Exercise instructions →
Starting at the line that contains "Half-length portrait of" and stopping at the line that contains "Unyqoos® Elegant vliesbehang", transcribe every line of the material below exactly; pictures stay out.

Records →

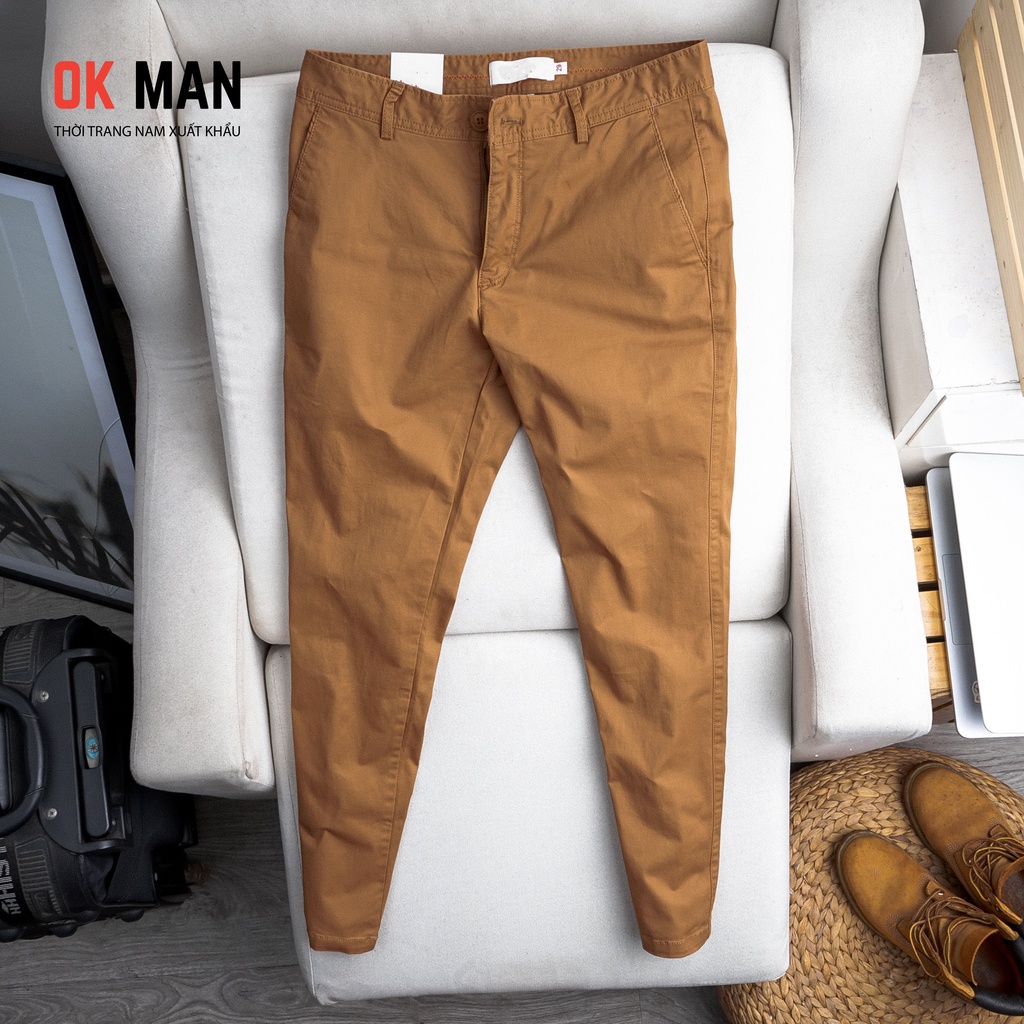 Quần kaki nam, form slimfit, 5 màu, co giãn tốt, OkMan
---
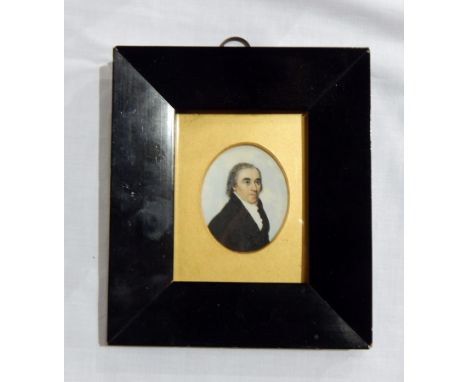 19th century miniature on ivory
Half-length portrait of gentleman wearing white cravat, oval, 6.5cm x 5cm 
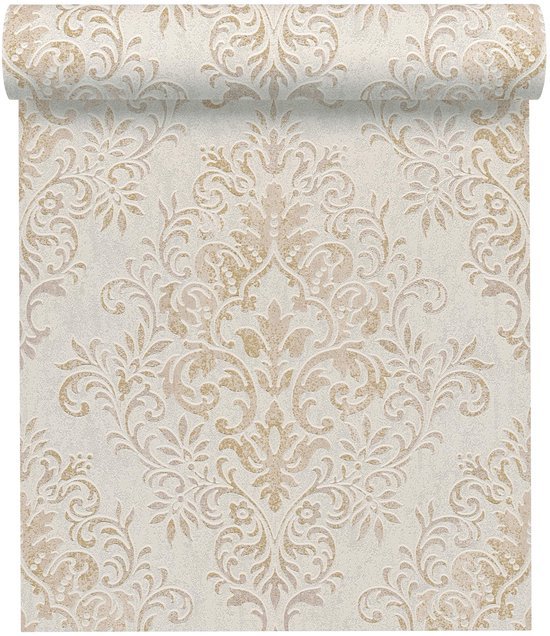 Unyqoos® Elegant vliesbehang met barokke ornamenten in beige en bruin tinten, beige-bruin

Exercise result →
Half-length portrait of gentleman wearing white cravat, oval, 6.5cm x 5cm 
 Unyqoos® Elegant vliesbehang met barokke ornamenten in beige en bruin tinten, beige-bruin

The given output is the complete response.